Electron-ion collision spectroscopy utilizes energy-sharp features such as steps, thresholds and, in particular, resonant structures in the cross section of electron-ion collision processes in order to obtain precision spectroscopic information. This comprises not only excitation or transition energies but also deep insights into Matrix elements and, hence, the collision dynamics from high-resolution absolute cross-section data.

Dielectronic Recombination – the Primary Spectroscopic Tool for Collision Spectroscopy

The cross section of the process of dielectronic recombination (DR) features pronounced energy-sharp resonant structures. Theses resonances can be measured with high experimental resolution at storage-ring electron coolers or merged-beams free-electron targets, in particular at low electron-ion collision energies.

DR is a two-step process:

X^q+ +e− → X^{(q−1)+∗∗} → X^(q−1)+∗ +photons.

In the initial step termed dielectronic capture (DC; time-inverse to autoionization) a free electron is resonantly captured. DR collision spectroscopy is sensitive to this first step of DR: the electron-ion collision energy is scanned in fine steps. For center-of-mass (CM) collision energies that match the resonance energies a higher count rate of recombined ions, X^(q−1)+ , is recorded. DR collision spectroscopy can be regarded as Auger spectroscopy in inverse kinematics.

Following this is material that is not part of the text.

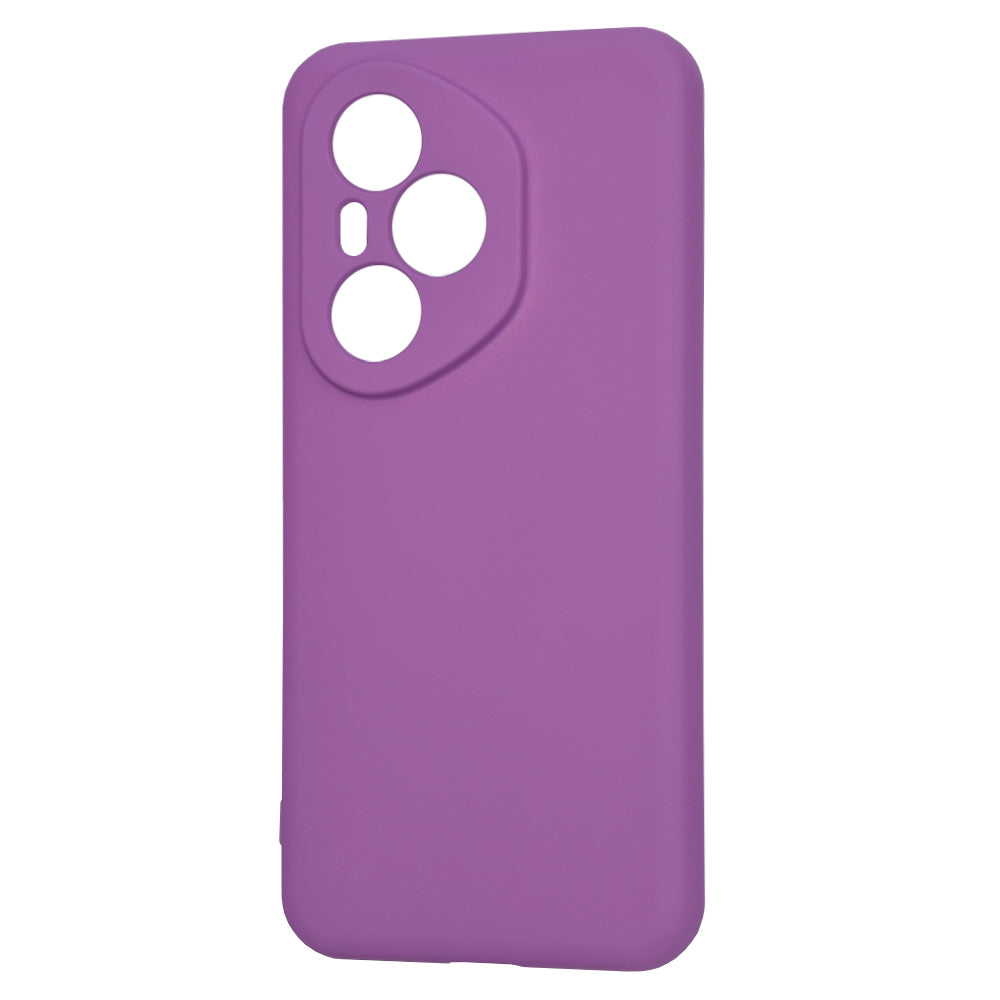 Husa de protectie Techsuit SoftFlex compatibil cu Honor 400 Pro, Mov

This experimental approach possesses high sensitivity and high precision allowing for the investigation of processes with low resonance strengths and/or with low intensity beams such as rare isotopes. Experiments with only a few hundred ions produced and injected every 10 minutes into the storage ring were successfully conducted. The list of physics questions studied with electron-ion collision spectroscopy at storage rings is long (> 100 Publications) and compromises among others:

• Precision studies of fundamental interactions, in particular on QED in strong fields or on time-reversal symmetry.
• Atomic structure and dynamics investigations in the relativistic domain.
• Correlated multiple-electron excitation processes.
• Influence of external fields on photorecombination.
• Measurement of rate coefficients for application in plasma physics or in astrophysics.
• Investigations of metastable ions including excitations from the metastable state, life time studies, and the hyperfine induced quenching of metastable states.
• Application of DR spectroscopy for the investigation of nuclear properties such as nuclear charge radii, nuclear magnetic moments and the mutual interaction of atomic electrons and the nucleus. More recently, the scope of this nuclear physics related experiments is extended to studies of radioisotopes and to studies of nuclear isomers.

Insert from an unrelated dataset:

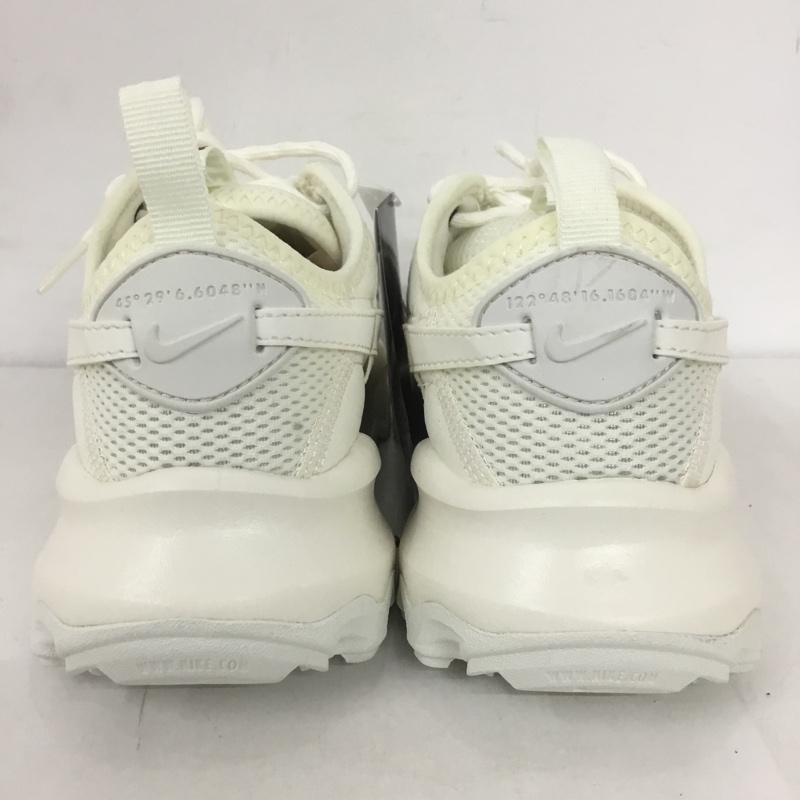 ナイキ NIKE スニーカー スニーカー DD9682-100 W TC 7900 23cm 23.0cm ロゴ、文字 白 / ホワイト / レディース USED 古着 中古 10127528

Thresholds, steps and resonances in ionization

Not only the electron capture channel of electron-ion collision features well-defined and energy-sharp structures in the cross section : Following the above described DC, one, two or more electrons can be emitted from the intermediate resonant state, leading also to resonances in the excitation or in the (multiple-) ionization cross section.

In addition, after a electron-impact excitation excess energy can also be transferred into the emission of Auger electrons in so-called excitation-autoionization sequences that lead to a net-ionization. Step-like features with sharp edges become apparent as well in the excitation process itself but also in the (much easier to measure) ionization pathway.